Untuk mengurangi disparitas harga antara wilayah barat dan timur Indonesia, pemerintah meluncurkan program Tol Laut sejak 2015. Dengan kapal yang beroperasi secara rutin dan terjadwal, program ini berhasil meningkatkan distribusi logistik dan ketersediaan barang pokok di daerah terpencil.
Hingga 2024, jumlah pelabuhan singgah telah meningkat dari 11 menjadi 109, sementara jumlah kapal yang beroperasi bertambah dari 3 menjadi 37. Ini merupakan lonjakan signifikan dalam konektivitas nasional.

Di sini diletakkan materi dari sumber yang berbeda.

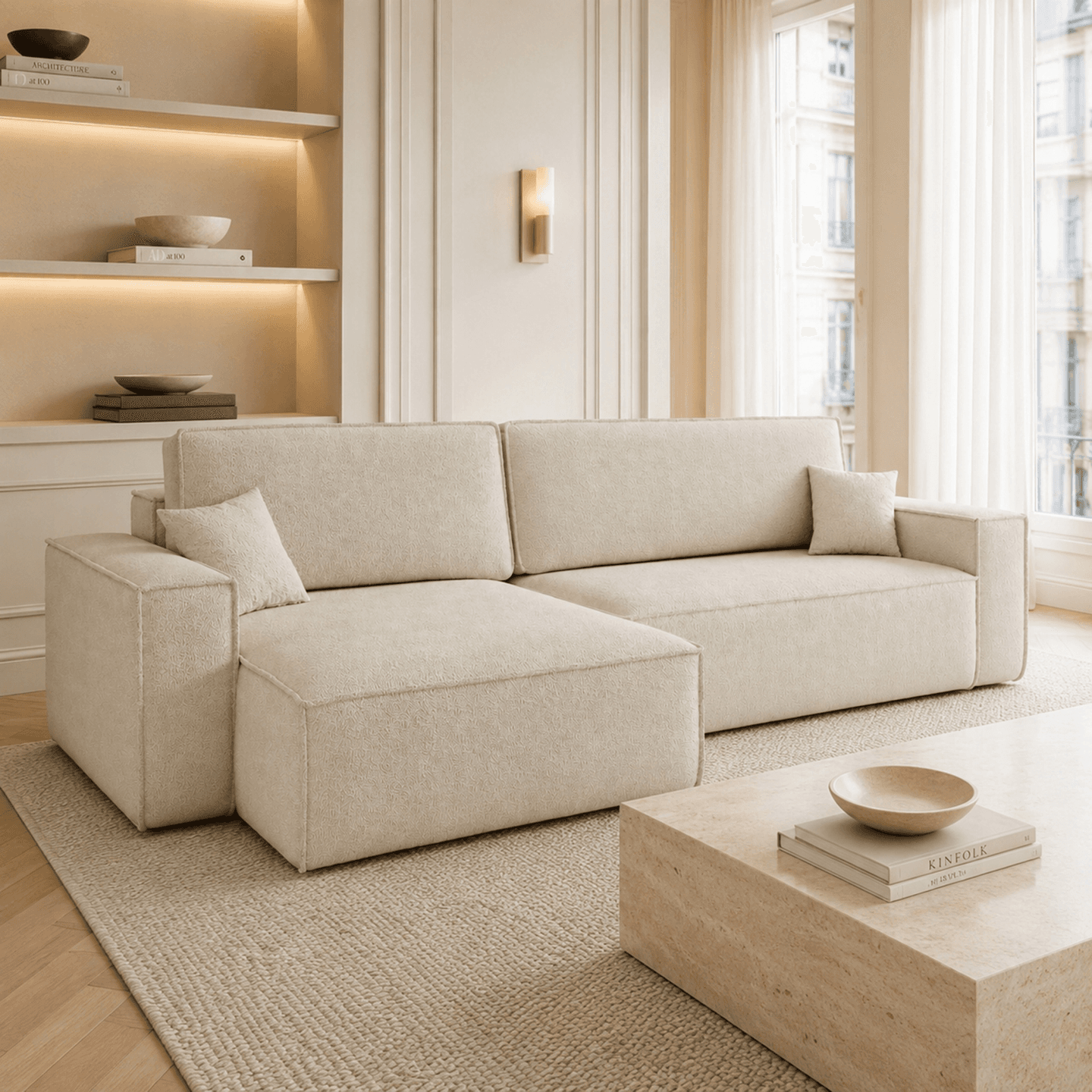 Narożnik ARON XL z dużą powierzchnią spania | Uniwersalny | Tkanina Bella 55 - zdjęcie 2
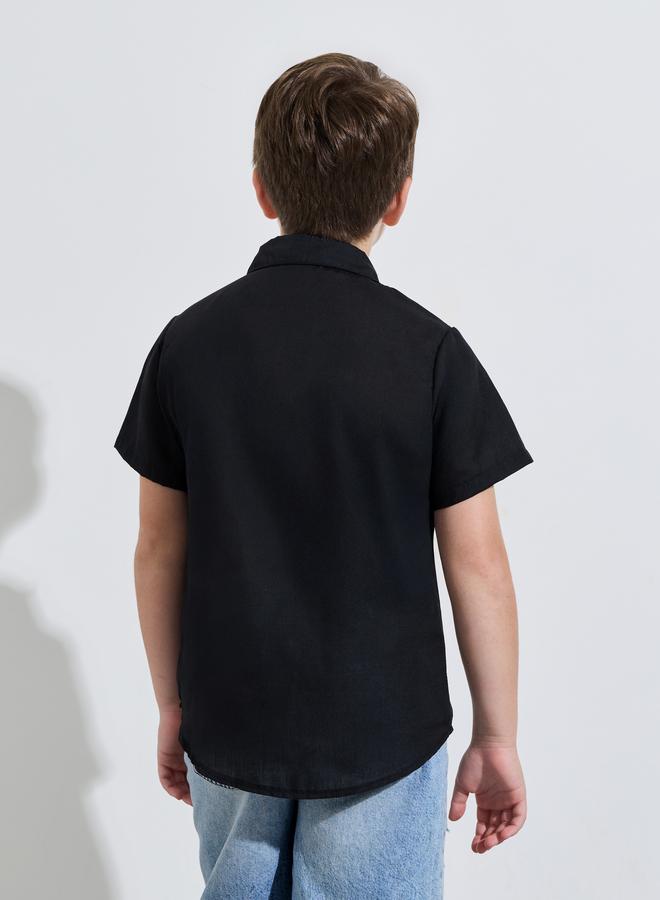 Styli Teen Boys Black Solid Pocket Detail Short Sleeves Shirt - Image 4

Di balik suksesnya Tol Laut, risiko selalu mengintai, mulai dari kecelakaan kapal, kehilangan barang, hingga tanggung jawab hukum. Di sinilah industri asuransi berperan sebagai perisai pelindungan. Asuransi kargo, asuransi kapal (marine hull), dan asuransi tanggung jawab hukum (liability) menjadi instrumen utama dalam mengelola risiko di sektor maritim ini.
Seiring berkembangnya Tol Laut, kebutuhan asuransi pun melonjak. Data Asosiasi Asuransi Umum Indonesia (AAUI) menunjukkan bahwa pada 2024, premi asuransi kargo mencapai Rp4 triliun, asuransi kapal Rp2,3 triliun, dan asuransi liability Rp3 triliun. Angka ini mengalami peningkatan pesat dibandingkan sebelum Tol Laut berjalan pada 2015.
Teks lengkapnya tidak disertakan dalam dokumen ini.